She smiles and so does dad as I nod trying to just move on, "well as you know this is Ella, she's recently turned 15, she's really short, and she likes the colour red," dad says in a very positive and happy voice as he tries to make me feel better about him leaving me soon.

"Red? That's my favourite colour too," Becca smiles as her eyes dart from my hidden face and nervously shivering body to dads comfortable smile as he watches me closely, "...I'm going to let you two do your thing now okay?" Dad says in my ear softly and immediately my heart pains and my eyes well up with tears, "mm-mm" I say shaking my head 'no' as my left wand holds his.

"Mm-mm" I hum repeatedly shaking my head like a fucking child as dad frowns and his eyes gloss over as he looks at me and my hand holding his as tight as I can- which isn't very tight.
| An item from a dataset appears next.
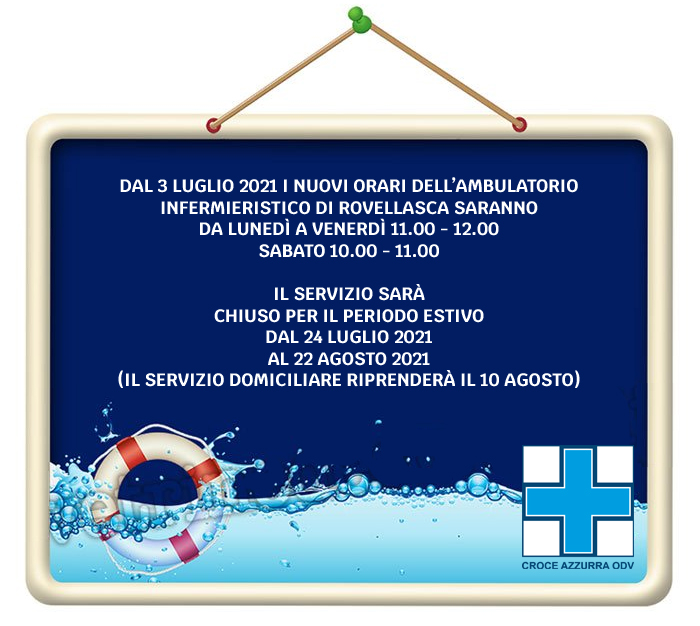 Nuovo orario ambulatorio infermieristico di Rovellasca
"It's okay, you have my phone just call Alex or my dad if you need me or anything, and Beccas here, she's really nice," dad says now crouching beside me holding my hand in his as small tears slip down my cheek.

"It's only a couple minutes, before you know it your dads gonna be right back with you," becca says in an attempt to reassure me as dad sends me a small smile.

After about 10 minutes of back and forth dad eventually leaves me with becca with tears in his eyes, we sit in silence for a couple seconds, her watching me while I watch my shaking clasped hands as I try even my breathing.

"Let's play a game," becca says standing and walking to a sleek white desk in the corner of the room, reaching into the drawer she pulls out some big cards and sits back down now next to me. Not close but just on the edge of the sofa I'm on.

She places the cards on the table softly with her body facing me. The cards box reads 'emotion cards'.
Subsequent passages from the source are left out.